**Listed records**.
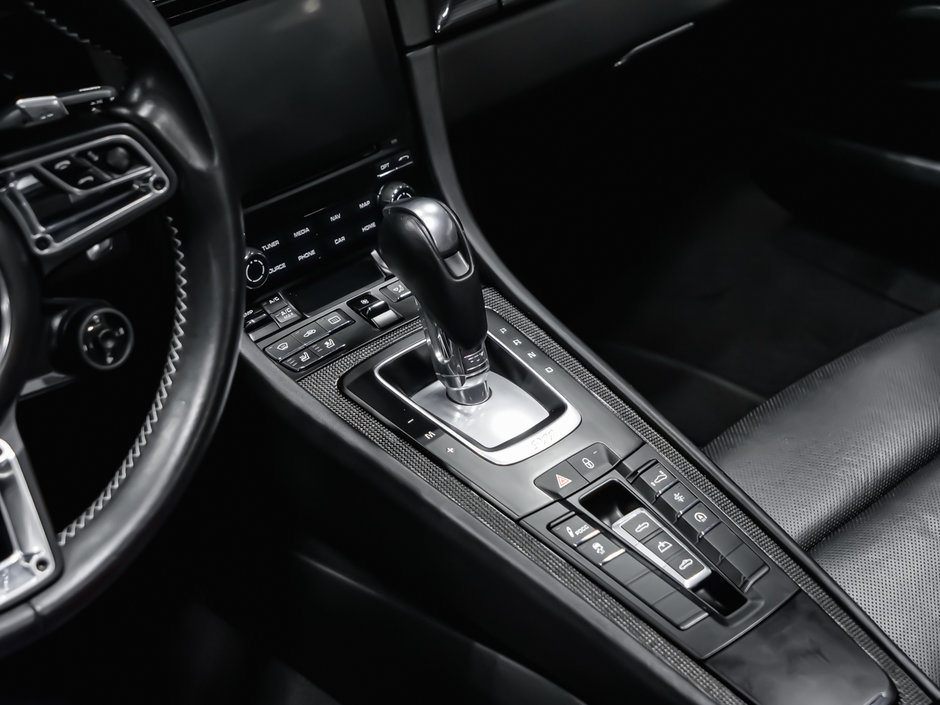 2018 Porsche 911 TURBO S CRABRIOLET-18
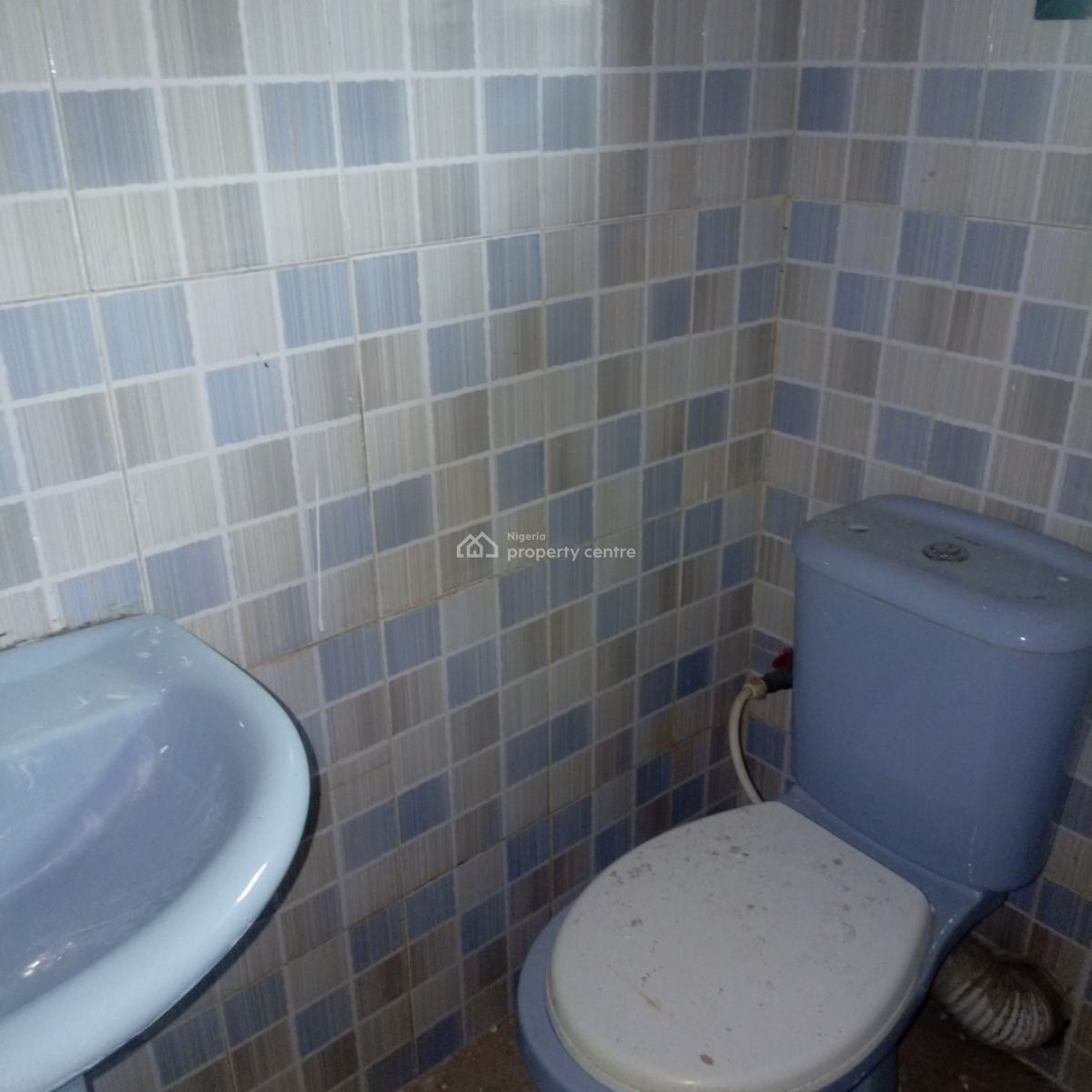 Nice and Well Maintained 3bedroom Flat in Surulere, Off Idi Araba Road Surulere Lagos, Idi Araba, Surulere, Lagos, Flat / Apartment for Rent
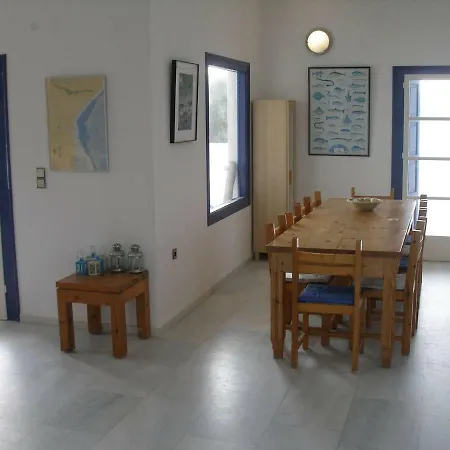 Akrotiri * Engares
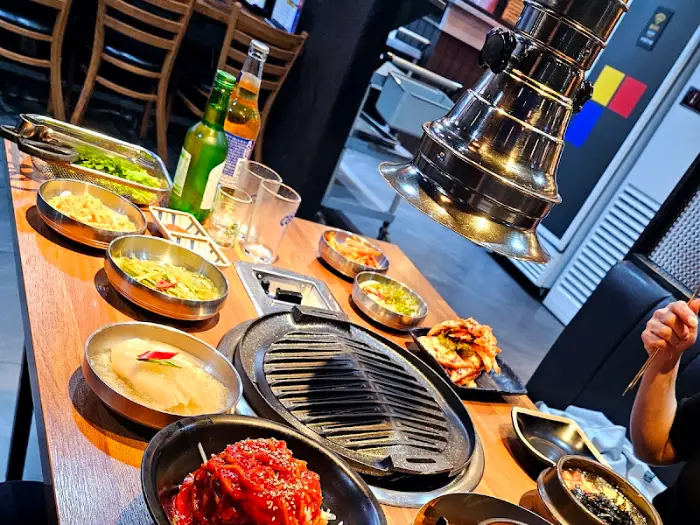 구수한 된장찌개와 함께 나온 다양한 곁들임 메뉴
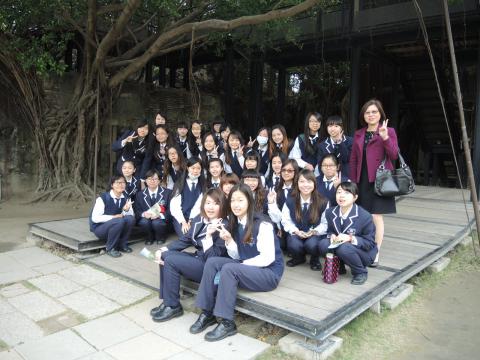 服飾科參觀台南樹屋台南應用科技大學2.jpg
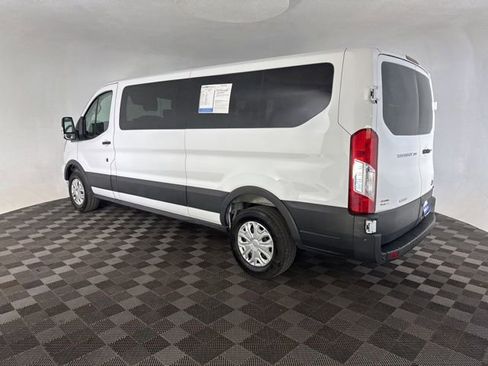Used 2025 Ford Transit 350 XLT RWD image 9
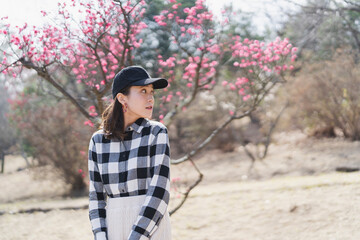 梅の花を鑑賞する女性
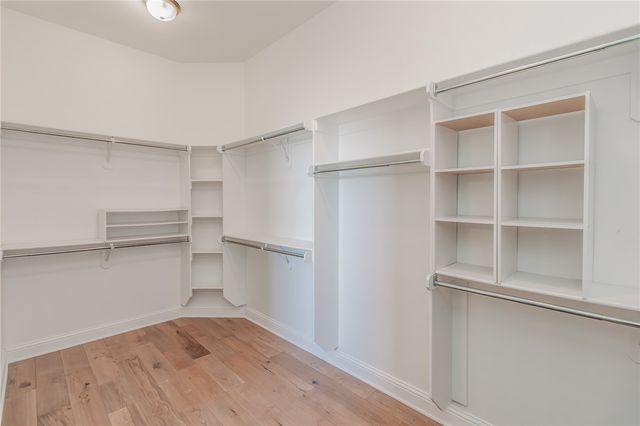 2386 Riverfront Lane, Fayetteville, AR 72703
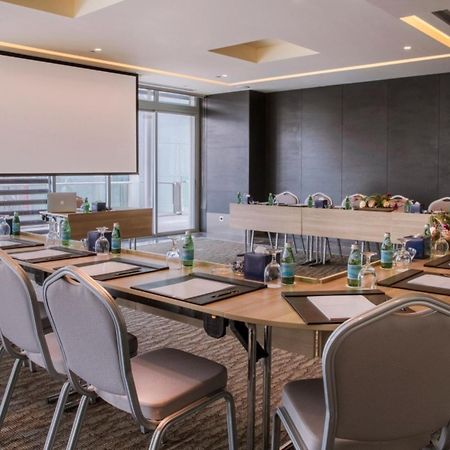 The Abdali Boulevard Hotel Amman Exterior photo Meeting room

**Problem**.
Restate each entry exactly, omitting pictures.

**Solution to this task**.
 2018 Porsche 911 TURBO S CRABRIOLET-18
 Nice and Well Maintained 3bedroom Flat in Surulere, Off Idi Araba Road Surulere Lagos, Idi Araba, Surulere, Lagos, Flat / Apartment for Rent
 Akrotiri * Engares
 구수한 된장찌개와 함께 나온 다양한 곁들임 메뉴
 服飾科參觀台南樹屋台南應用科技大學2.jpg
Used 2025 Ford Transit 350 XLT RWD image 9
 梅の花を鑑賞する女性
 2386 Riverfront Lane, Fayetteville, AR 72703
 The Abdali Boulevard Hotel Amman Exterior photo Meeting room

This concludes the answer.